Muslim leaders cite several reasons behind their community's disgruntlement, including the lack of mosques and cemeteries despite repeated promises by successive governments. Tens of thousands of Muslims are forced to pray in about 130 windowless, airless basements or warehouses that currently serve as makeshift mosques.
Last year, the government finally unveiled a location for the first mosque in Athens, the European Union's only capital without a Muslim place of worship.
However, the construction has not started yet.
Muslims from across the country also have to travel hundreds of kilometers to northern Greece for weddings, burials and other ceremonies.
"We see no mosque, we see no cemetery," says Abu Mahmoud, a Moroccan who has lived in Greece since 1985.
"Basically they are making fools of us."
Muslims make about 1.3 percent of the population in overwhelmingly Orthodox Christian Greece, according to the CIA Facts Book.
Some 1000 Muslims took to the streets of Athens last week to protest the desecration of the Qur'an by a policeman.
Seven Muslims and seven policemen were injured in clashes while 46 protesters were arrested.
Jungle
Adding insult to injury, the small southern European country is witnessing a surge in racist violence against immigrants.
"The emerging feeling is that Greece has too many migrants and that they need to go," Dimitris Levantis, head of the Greek chapter of anti-racism SOS Racism, told AFP.
The country is home to thousands of Muslim immigrants, many of them arrive in the country illegally seeking a better life.

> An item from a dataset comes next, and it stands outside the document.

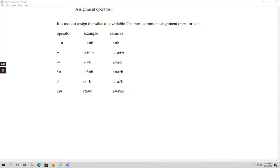Hello everyone. In this video let's talk about assignment operators and increment and decrement operators. First, coming to the assignment operator — the purpose of this assignment operator is it is used to assign values to variables. The most common assignment operator is the equals-to symbol; we call it the assignment operator.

Athens alone is home to an estimated 100,000 Muslims of Albanian, Egyptian, Pakistani, Bangladeshi, Moroccan, Syrian and Nigerian backgrounds.

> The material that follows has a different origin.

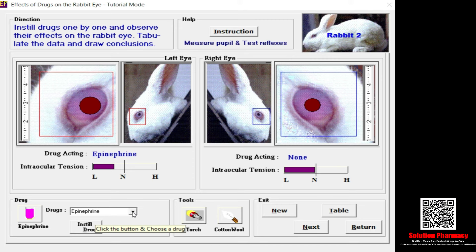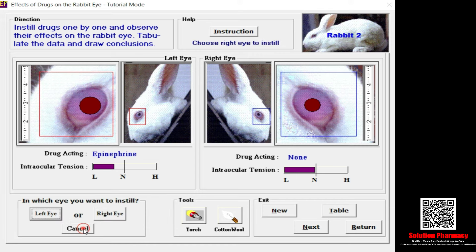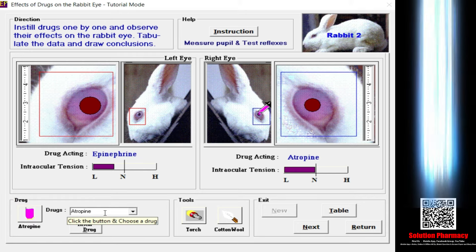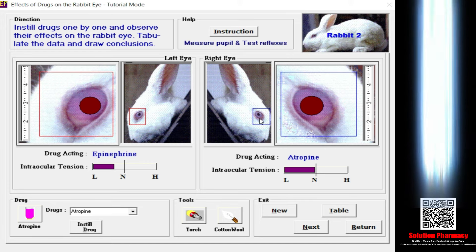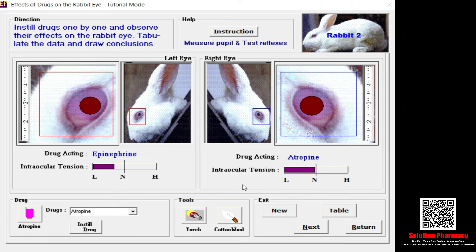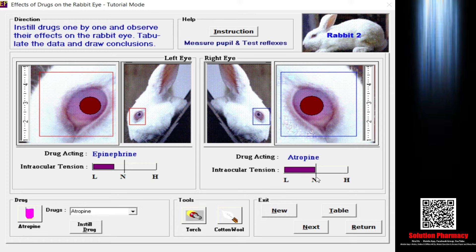Let me change to another drug using the right eye. The next drug is atropine — the right eye is currently in normal condition. I select atropine, click the instill drug button, then select the right eye because the drug is already acting on the left eye. After placing the cursor on the right eye, you can see changes in the right eye diameter as well — atropine also produces mydriasis. However, the intraocular pressure is not changed; it remains in normal condition.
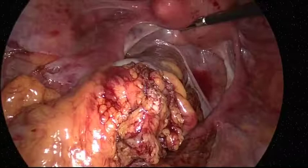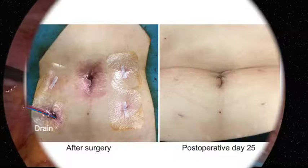A 19 French drain is placed to the pelvis through the right lower 5 mm incision. The wounds are small and barely noticed on the 25th postoperative day.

Migrants, usually forced into low-rent areas or disused buildings, fall as easy prey for neo-Nazis.
Just last Saturday, attackers tried to burn a makeshift mosque in a basement, injuring five Bangladeshis trapped inside.
Earlier this month, 14 people were injured in clashes between a neo-Nazi group, immigrants and police as the far-right gangs tried to dislodge hundreds of migrant squatters from an old courthouse.

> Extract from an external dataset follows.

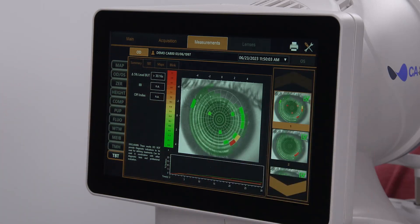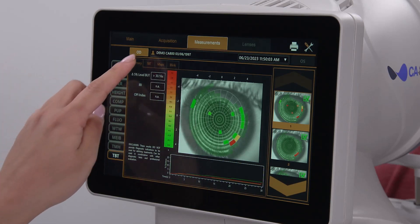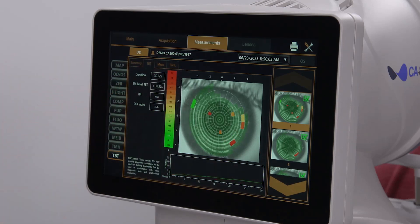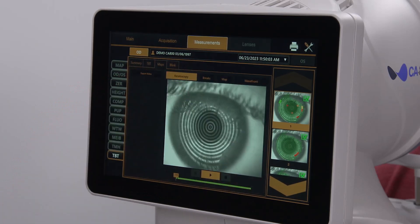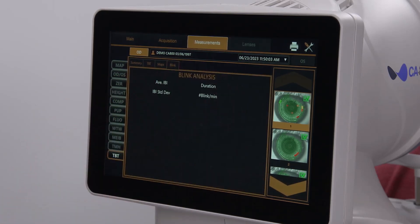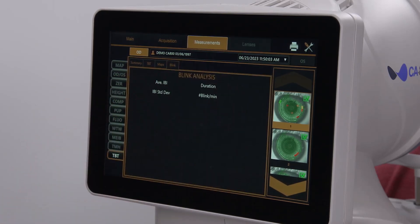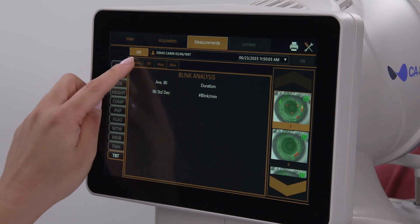There are four tabs near the top of the screen: Summary, TBT, Maps, and Blink. The default is the Summary tab, which displays metrics based on the combination of a tear breakup acquisition and the blink analysis from a particular visit.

In February, a grenade was thrown at the offices of an immigrant supportwork.
Fearful Muslim migrants say the racist attacks have worsened because of the deteriorating economic situation in the country, hard-hit by global recession.
"The situation in Athens is getting worse because of the economic crisis which is hitting foreigners the hardest," says Moroccan Abu Mahmoud.